§ **WHAT TO PRODUCE**
Below are some entries; can you quote all of them exactly?

[Excerpts from a dataset]

_ _ _

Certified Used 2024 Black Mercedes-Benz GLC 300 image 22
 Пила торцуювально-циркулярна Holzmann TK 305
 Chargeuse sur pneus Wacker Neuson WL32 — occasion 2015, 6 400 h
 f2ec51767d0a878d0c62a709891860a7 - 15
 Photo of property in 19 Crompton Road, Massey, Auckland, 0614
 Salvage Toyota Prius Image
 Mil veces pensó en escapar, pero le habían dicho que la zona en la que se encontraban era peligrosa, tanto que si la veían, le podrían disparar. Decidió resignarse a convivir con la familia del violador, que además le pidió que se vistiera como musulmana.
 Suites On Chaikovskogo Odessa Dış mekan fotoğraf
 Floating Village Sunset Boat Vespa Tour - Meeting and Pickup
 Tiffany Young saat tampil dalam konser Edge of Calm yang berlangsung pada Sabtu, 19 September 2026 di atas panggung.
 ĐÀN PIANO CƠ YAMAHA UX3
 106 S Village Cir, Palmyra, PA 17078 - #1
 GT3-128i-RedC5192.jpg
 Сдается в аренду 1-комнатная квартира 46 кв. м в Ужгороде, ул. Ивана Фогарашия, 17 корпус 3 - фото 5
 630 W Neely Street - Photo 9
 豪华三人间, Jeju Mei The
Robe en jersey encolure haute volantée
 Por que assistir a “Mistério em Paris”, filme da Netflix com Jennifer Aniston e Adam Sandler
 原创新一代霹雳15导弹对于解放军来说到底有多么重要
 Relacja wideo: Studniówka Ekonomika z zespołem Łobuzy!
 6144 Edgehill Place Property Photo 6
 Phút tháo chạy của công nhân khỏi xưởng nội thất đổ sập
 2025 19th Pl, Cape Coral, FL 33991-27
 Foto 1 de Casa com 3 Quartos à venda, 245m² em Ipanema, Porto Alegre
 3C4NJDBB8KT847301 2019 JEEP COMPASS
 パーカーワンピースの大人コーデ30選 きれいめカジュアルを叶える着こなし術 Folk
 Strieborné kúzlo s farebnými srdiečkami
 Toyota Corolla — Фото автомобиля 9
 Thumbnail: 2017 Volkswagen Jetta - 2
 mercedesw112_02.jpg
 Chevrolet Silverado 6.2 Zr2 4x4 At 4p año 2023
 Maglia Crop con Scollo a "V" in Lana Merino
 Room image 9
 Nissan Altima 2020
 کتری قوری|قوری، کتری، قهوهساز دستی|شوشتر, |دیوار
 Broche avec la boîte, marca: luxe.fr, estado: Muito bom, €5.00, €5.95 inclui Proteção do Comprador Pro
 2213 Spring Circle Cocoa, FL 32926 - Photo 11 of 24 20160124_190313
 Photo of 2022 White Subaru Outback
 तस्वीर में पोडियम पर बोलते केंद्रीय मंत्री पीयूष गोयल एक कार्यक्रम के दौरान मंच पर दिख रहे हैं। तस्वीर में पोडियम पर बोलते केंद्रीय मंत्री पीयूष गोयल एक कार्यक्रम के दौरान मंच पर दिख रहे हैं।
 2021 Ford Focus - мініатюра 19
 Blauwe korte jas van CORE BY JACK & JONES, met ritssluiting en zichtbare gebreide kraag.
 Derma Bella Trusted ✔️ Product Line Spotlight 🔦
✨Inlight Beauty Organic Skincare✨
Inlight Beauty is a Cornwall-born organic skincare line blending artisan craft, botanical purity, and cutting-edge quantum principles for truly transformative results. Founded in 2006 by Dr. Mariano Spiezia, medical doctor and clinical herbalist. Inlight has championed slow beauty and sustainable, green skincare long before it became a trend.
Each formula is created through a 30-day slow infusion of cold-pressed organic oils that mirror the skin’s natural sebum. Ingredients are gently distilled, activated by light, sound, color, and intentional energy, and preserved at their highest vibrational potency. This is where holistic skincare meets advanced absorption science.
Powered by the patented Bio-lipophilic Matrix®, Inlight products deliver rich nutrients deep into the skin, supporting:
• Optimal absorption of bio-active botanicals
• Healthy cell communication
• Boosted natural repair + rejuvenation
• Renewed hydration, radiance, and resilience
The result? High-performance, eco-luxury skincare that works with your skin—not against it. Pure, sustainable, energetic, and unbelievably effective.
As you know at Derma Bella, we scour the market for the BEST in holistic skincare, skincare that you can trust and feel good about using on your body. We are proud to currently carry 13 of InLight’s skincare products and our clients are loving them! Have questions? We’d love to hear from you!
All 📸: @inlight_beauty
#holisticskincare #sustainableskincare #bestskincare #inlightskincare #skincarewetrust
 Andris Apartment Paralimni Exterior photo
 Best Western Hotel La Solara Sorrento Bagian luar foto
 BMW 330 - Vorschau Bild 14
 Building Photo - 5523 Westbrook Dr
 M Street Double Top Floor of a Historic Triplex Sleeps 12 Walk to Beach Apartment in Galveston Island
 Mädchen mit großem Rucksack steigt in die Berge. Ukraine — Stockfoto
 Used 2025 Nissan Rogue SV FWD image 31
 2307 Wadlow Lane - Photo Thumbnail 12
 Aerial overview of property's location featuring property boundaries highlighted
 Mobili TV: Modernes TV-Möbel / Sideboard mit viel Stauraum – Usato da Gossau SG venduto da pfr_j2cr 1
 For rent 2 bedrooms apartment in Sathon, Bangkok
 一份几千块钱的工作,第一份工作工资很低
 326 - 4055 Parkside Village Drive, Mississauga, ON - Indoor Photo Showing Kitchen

_ _ _

§ **WRITTEN SOLUTION**
Certified Used 2024 Black Mercedes-Benz GLC 300 image 22
 Пила торцуювально-циркулярна Holzmann TK 305
 Chargeuse sur pneus Wacker Neuson WL32 — occasion 2015, 6 400 h
 f2ec51767d0a878d0c62a709891860a7 - 15
 Photo of property in 19 Crompton Road, Massey, Auckland, 0614
 Salvage Toyota Prius Image
 Mil veces pensó en escapar, pero le habían dicho que la zona en la que se encontraban era peligrosa, tanto que si la veían, le podrían disparar. Decidió resignarse a convivir con la familia del violador, que además le pidió que se vistiera como musulmana.
 Suites On Chaikovskogo Odessa Dış mekan fotoğraf
 Floating Village Sunset Boat Vespa Tour - Meeting and Pickup
 Tiffany Young saat tampil dalam konser Edge of Calm yang berlangsung pada Sabtu, 19 September 2026 di atas panggung.
 ĐÀN PIANO CƠ YAMAHA UX3
 106 S Village Cir, Palmyra, PA 17078 - #1
 GT3-128i-RedC5192.jpg
 Сдается в аренду 1-комнатная квартира 46 кв. м в Ужгороде, ул. Ивана Фогарашия, 17 корпус 3 - фото 5
 630 W Neely Street - Photo 9
 豪华三人间, Jeju Mei The
Robe en jersey encolure haute volantée
 Por que assistir a “Mistério em Paris”, filme da Netflix com Jennifer Aniston e Adam Sandler
 原创新一代霹雳15导弹对于解放军来说到底有多么重要
 Relacja wideo: Studniówka Ekonomika z zespołem Łobuzy!
 6144 Edgehill Place Property Photo 6
 Phút tháo chạy của công nhân khỏi xưởng nội thất đổ sập
 2025 19th Pl, Cape Coral, FL 33991-27
 Foto 1 de Casa com 3 Quartos à venda, 245m² em Ipanema, Porto Alegre
 3C4NJDBB8KT847301 2019 JEEP COMPASS
 パーカーワンピースの大人コーデ30選 きれいめカジュアルを叶える着こなし術 Folk
 Strieborné kúzlo s farebnými srdiečkami
 Toyota Corolla — Фото автомобиля 9
 Thumbnail: 2017 Volkswagen Jetta - 2
 mercedesw112_02.jpg
 Chevrolet Silverado 6.2 Zr2 4x4 At 4p año 2023
 Maglia Crop con Scollo a "V" in Lana Merino
 Room image 9
 Nissan Altima 2020
 کتری قوری|قوری، کتری، قهوهساز دستی|شوشتر, |دیوار
 Broche avec la boîte, marca: luxe.fr, estado: Muito bom, €5.00, €5.95 inclui Proteção do Comprador Pro
 2213 Spring Circle Cocoa, FL 32926 - Photo 11 of 24 20160124_190313
 Photo of 2022 White Subaru Outback
 तस्वीर में पोडियम पर बोलते केंद्रीय मंत्री पीयूष गोयल एक कार्यक्रम के दौरान मंच पर दिख रहे हैं। तस्वीर में पोडियम पर बोलते केंद्रीय मंत्री पीयूष गोयल एक कार्यक्रम के दौरान मंच पर दिख रहे हैं।
 2021 Ford Focus - мініатюра 19
 Blauwe korte jas van CORE BY JACK & JONES, met ritssluiting en zichtbare gebreide kraag.
 Derma Bella Trusted ✔️ Product Line Spotlight 🔦
✨Inlight Beauty Organic Skincare✨
Inlight Beauty is a Cornwall-born organic skincare line blending artisan craft, botanical purity, and cutting-edge quantum principles for truly transformative results. Founded in 2006 by Dr. Mariano Spiezia, medical doctor and clinical herbalist. Inlight has championed slow beauty and sustainable, green skincare long before it became a trend.
Each formula is created through a 30-day slow infusion of cold-pressed organic oils that mirror the skin’s natural sebum. Ingredients are gently distilled, activated by light, sound, color, and intentional energy, and preserved at their highest vibrational potency. This is where holistic skincare meets advanced absorption science.
Powered by the patented Bio-lipophilic Matrix®, Inlight products deliver rich nutrients deep into the skin, supporting:
• Optimal absorption of bio-active botanicals
• Healthy cell communication
• Boosted natural repair + rejuvenation
• Renewed hydration, radiance, and resilience
The result? High-performance, eco-luxury skincare that works with your skin—not against it. Pure, sustainable, energetic, and unbelievably effective.
As you know at Derma Bella, we scour the market for the BEST in holistic skincare, skincare that you can trust and feel good about using on your body. We are proud to currently carry 13 of InLight’s skincare products and our clients are loving them! Have questions? We’d love to hear from you!
All 📸: @inlight_beauty
#holisticskincare #sustainableskincare #bestskincare #inlightskincare #skincarewetrust
 Andris Apartment Paralimni Exterior photo
 Best Western Hotel La Solara Sorrento Bagian luar foto
 BMW 330 - Vorschau Bild 14
 Building Photo - 5523 Westbrook Dr
 M Street Double Top Floor of a Historic Triplex Sleeps 12 Walk to Beach Apartment in Galveston Island
 Mädchen mit großem Rucksack steigt in die Berge. Ukraine — Stockfoto
 Used 2025 Nissan Rogue SV FWD image 31
 2307 Wadlow Lane - Photo Thumbnail 12
 Aerial overview of property's location featuring property boundaries highlighted
 Mobili TV: Modernes TV-Möbel / Sideboard mit viel Stauraum – Usato da Gossau SG venduto da pfr_j2cr 1
 For rent 2 bedrooms apartment in Sathon, Bangkok
 一份几千块钱的工作,第一份工作工资很低
 326 - 4055 Parkside Village Drive, Mississauga, ON - Indoor Photo Showing Kitchen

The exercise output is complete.